[[ SOURCE INFORMATION open ]]

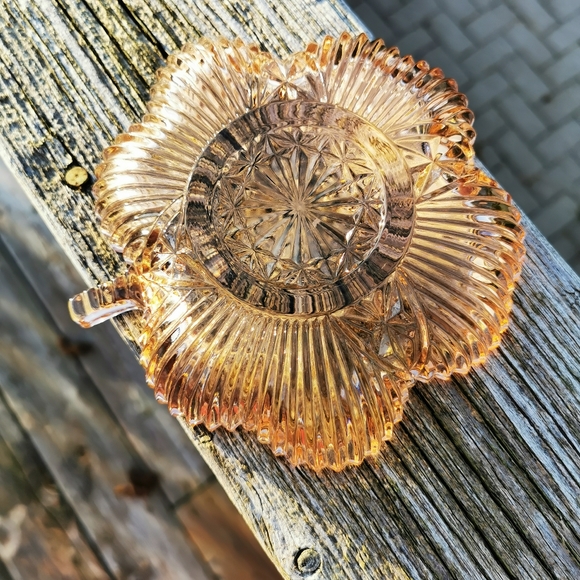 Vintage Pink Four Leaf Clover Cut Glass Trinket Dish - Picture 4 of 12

[[ SOURCE INFORMATION closed ]]
[[ SOURCE INFORMATION open ]]

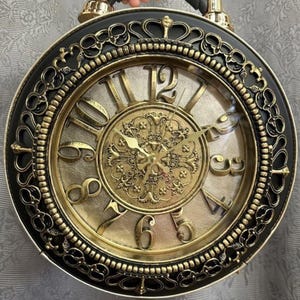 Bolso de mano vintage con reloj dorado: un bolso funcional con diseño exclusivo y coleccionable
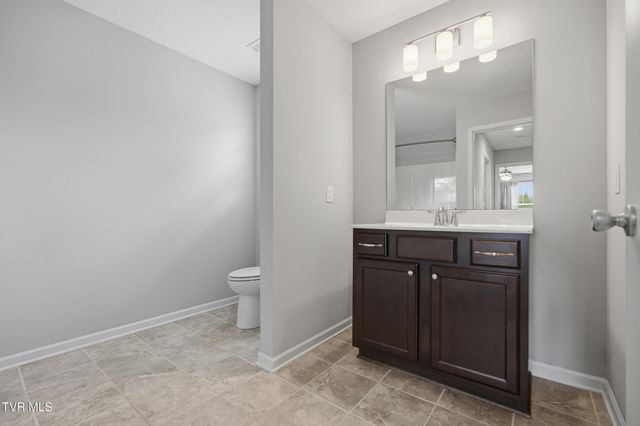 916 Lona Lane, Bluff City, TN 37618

[[ SOURCE INFORMATION closed ]]

#### DIRECTIONS FOR THIS TASK:
Reproduce the lines above starting at the one with "Bolso de mano" and ending at the one with "916 Lona Lane, Bluff City, TN 37618", both included, exactly and with no pictures.

#### EXPECTED ANSWER:
 Bolso de mano vintage con reloj dorado: un bolso funcional con diseño exclusivo y coleccionable
 916 Lona Lane, Bluff City, TN 37618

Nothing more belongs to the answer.